Los funcionarios encargados de la gobernabilidad y los servicios de inteligencia durante el sexenio de Fox no entendieron nunca la naturaleza de la nueva problemática social. Lisa y llanamente, no comprendieron el nuevo fenómeno que tuvieron que enfrentar. Y esos funcionarios y otros peores que ellos, si es que cabe tal cosa son los que están hoy al frente del equipo de Calderón.
Durante los últimos meses de su administración, Fox quiso suplir su desconcierto ante la creciente rebeldía social con el uso de la fuerza pública. Con acciones relámpago, en nombre del Estado de derecho, la firmeza y el uso legítimo de la violencia, se reprimió a movimientos paradigmáticos de esta nueva conflictividad como el de los mineros de Lázaro Cárdenas-Las Truchas, Atenco y la sublevación oaxaqueña. Sin embargo, lejos de solucionar los conflictos, la "salida" policial los complicó más. La población enfrentó indignada a la fuerza pública y, lejos de atemorizarse, ha mantenido su lucha. El gobierno mexicano acabó pagando un alto costo ante la comunidad internacional de derechos humanos por las graves violaciones a las garantías individuales que los destacamentos policiales cometieron. La cuenta completa todavía no llega.

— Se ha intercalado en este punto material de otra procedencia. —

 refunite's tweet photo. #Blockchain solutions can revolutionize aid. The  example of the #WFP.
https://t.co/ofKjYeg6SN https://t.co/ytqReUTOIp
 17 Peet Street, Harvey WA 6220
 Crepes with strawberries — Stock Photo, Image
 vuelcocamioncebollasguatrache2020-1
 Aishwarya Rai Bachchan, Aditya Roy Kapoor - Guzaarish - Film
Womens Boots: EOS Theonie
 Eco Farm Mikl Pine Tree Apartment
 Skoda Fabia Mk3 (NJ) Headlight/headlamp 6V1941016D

Estos desplantes autoritarios respondieron, en parte, al gran temor que estas luchas provocan en los sectores acomodados. Desde que a raíz de la Marcha del Color de la Tierra en marzo de 2001, el ideólogo empresarial Juan Sánchez Navarro recomendó a los suyos encerrarse ante el empuje del pobrerío. En las clases pudientes hay miedo. Para su gusto, hay demasiado desorden y en lugar de aplicar la ley se negocia con los inconformes.

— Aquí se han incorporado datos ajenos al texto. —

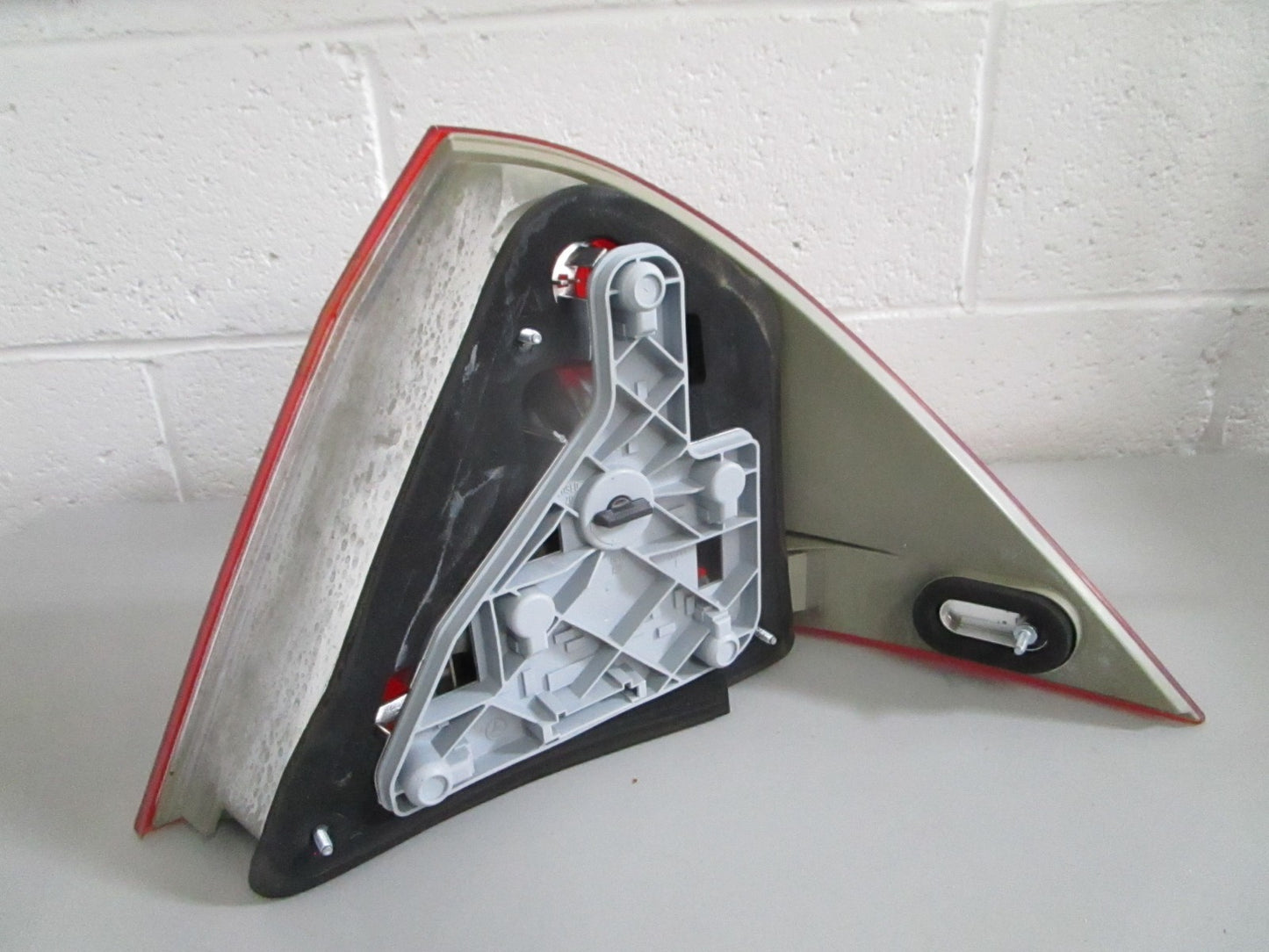 NEW OEM 2038200964 Mercedes-Benz ULO Left Tail Light 0820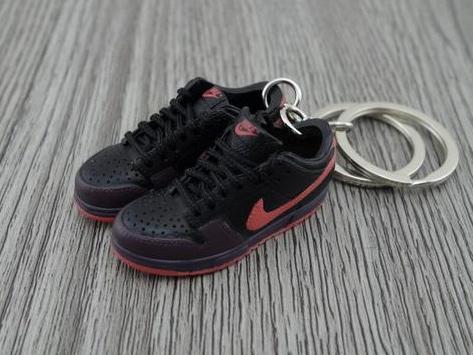 Mini sneaker keychain 3D Dunk lo - Black and Pink - Sneakers Passion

Esta nueva conflictividad social tiene un punto de arranque en 1999 al desarrollarse una intensa lucha social que enfrentó con relativo éxito las políticas gubernamentales de privatización. Como no se había visto en décadas, una parte del movimiento sindical, trabajadores de la cultura, maestros, estudiantes, campesinos y jóvenes ganaron la plaza pública no para pedir salarios, sino para conservar conquistas sociales. Muchas de las características que asumieron los movimientos sociales los años posteriores se perfilaron en ese año.
A partir de 1999 la sociedad civil se hizo pueblo y las demandas ciudadanas se reciclaron en lucha de clases. El protagonismo de las ONG y las organizaciones ciudadanas dio paso a la acción de organismos gremiales y profesionales. El afán de avanzar en las propuestas se transformó en un retorno a la protesta. Surgieron grandes expresiones gremiales de resistencia, movimientos de base "feos" para el mundo de la política formal y una multitud de luchas locales contra la "desposesión". A diferencia de otros tiempos, una parte de esas movilizaciones fueron parcialmente exitosas.

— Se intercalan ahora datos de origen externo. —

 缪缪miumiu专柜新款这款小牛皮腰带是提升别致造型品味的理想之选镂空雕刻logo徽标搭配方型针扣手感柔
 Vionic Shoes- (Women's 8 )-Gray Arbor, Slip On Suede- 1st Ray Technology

Desde entonces se ha producido una tenaz movilización social. Centenares de protestas de indígenas, campesinos, trabajadores, pobres urbanos, mujeres, defensores de derechos humanos, ecologistas han surgido en todo el país enarbolando diversas demandas. Algunas, incluso, han decidido darse sus propias formas de gobierno. La lucha contra el desafuero de Andrés Manuel López Obrador, primero, y contra el fraude electoral de 2006 después, hicieron que sectores medios de la población se sumaran al actual ciclo de protestas. El pobrerío anda alborotado y las elites cada vez más temerosas con ese alboroto.
Estas luchas expresan el hastío hacia una cierta forma de hacer política. Está presente en su seno una tradición antipartidista y una desconfianza en la política institucional. Sin embargo, la radicalización social proviene también del entorno de la política institucional. El fraude electoral de 2006 provocó que una muy importante parte de la población que confiaba en los partidos y las elecciones se sumara a una dinámica de movilización antinstitucional y de resistencia civil pacífica.
Es así como muchas de las expresiones de malestar social reciente han tomado forma de acciones de desobediencia civil. Han emprendido acciones voluntarias y públicas que violan leyes, normas y decretos porque son considerados inmorales, ilegítimos o injustos. Han hecho de la transgresión que persigue un bien para la colectividad, un acto ejemplar de quebrantamiento público de la norma por razones de conciencia.
Esta nueva conflictividad social no cesará. El uso de la represión para contenerla no la detendrá. La amenaza de la mano dura anuncia un inminente choque de trenes.